Interesting to try to communicate my thoughts for people who know what I have written, and them what don't (read: most everybody). I held a reading in December, from which much was learned. Those who participated are about the only people on earth so far who know what my play is about, and odds are it will be about things altogether different once it passes through this nascent stage of revision. The over-arching theme of the various stories has to do with what happens to our bodies after death, and how we separate sense of identity from physical evidence. It's also a comedy, largely; or anyway, it's supposed to be funny. I've got roughly six characters in ten inter-related, but not necessarily inter-connected, scenes, some of which are much stronger than others. The biggest question I had prior to the reading was whether or not this wanted to be a play, rather than a sampling of scenes. It turns out it rather would like to be a whole play, which is great, and also means way more work for me.

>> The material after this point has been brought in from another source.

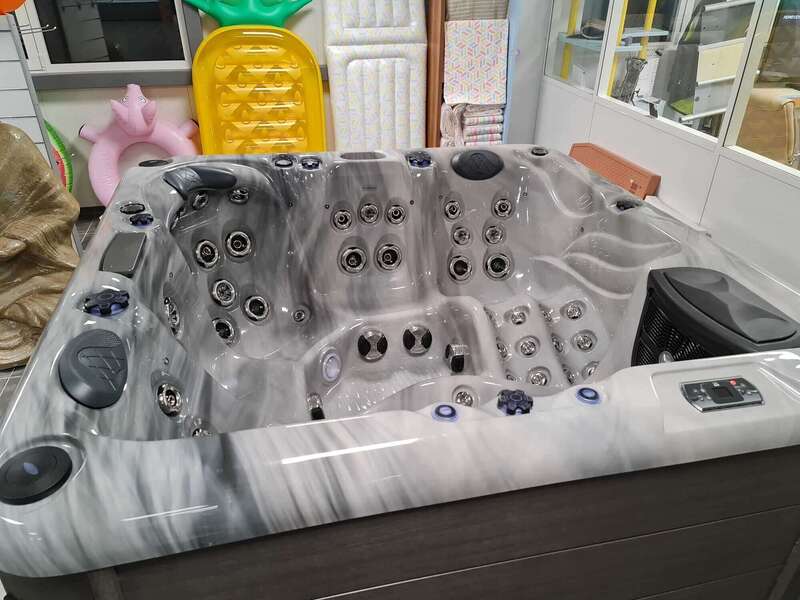 1e03184b-f3f3-48d3-85b6-29429ca185e9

Some scenes just don't work, and it's that simple. I have two such set in a gastroenterologist's office (which should have been my first clue, right there) that flounder and waffle mercilessly. These, and their companions in dysfunction, I believe I will rewrite from scratch with new ideas that are influenced by an improved sense of continuity to the whole thing. More importantly, the characters they particularly address are weak. It's going to be a lot of re-imagining, which is fun, even when it's frustrating. This is what got me started on day-dreaming about it, anyway -- the possibility of that freedom to do more than revise, to rewrite.

Along those lines, too, I realize an immediate need to rearrange what scenes I do have fairly strong. As they are arranged now, my eye was more on structural symmetry, not enough on organic cause-and-effect. Which is actually pretty funny, since one of the philosophical arguments I have going in the thing is between linear and holistic perspectives. Philosophy is another little facet that needs rearranging. Just now, some of the characters have perspectives that are too similar for anything terribly interesting to happen between them. This, and the aforementioned, leads me to contemplating the cut of one (or more?) of my dears. The whole thing could really benefit from an outline of some kind, which, again: funny. I'm not very good at or about outlining. I don't like doing it, and I'm pretty crap at it, generally imposing too much logical control and not enough intuitive exploration. Then again, maybe I'm just doing it wrong, somehow.

Expatriate Younce and I, in our recent brainstorming phone call, got to talking about ideas and our rather different relationships to them. To put it mildly, I have a love-hate relationship to my ideas. My ideas have burned me before and, though I try to forgive and forget, I am holding on to the odd grudge, or seventy-eight. Ideas are as malevolent as they are beneficial to me, some resulting in a well-deserved sense of accomplishment, and other resulting in a tremendous amount of wasted time and effort. Of course, as I write this, I realize that I'm a little too focused on product over process here. Younce points out that my urge to fulfill a creative idea's potential is what enables me to get creative things done, but the flip side of that coin is frustration over delayed or (in many dreadful cases) aborted projects. Take, for example, this idea I had of incorporating the three fates into my play (in a gastroenterologist's office, for Pete's sakes). Thought it was great, ended up screwing the story into places it most certainly does not belong.

So outlining, free writing and cuts. Perhaps I hate acknowledging how little I've accomplished on a first draft, and that's why I generally avoid the revision process? Whatever it may be, I'm determined to make this project the one for which I break that habit. Then I am sure I will have still more revisions, but hopefully I'll be slightly more capable of them.

Then, too, maybe Youncey can finally get his werewolf story.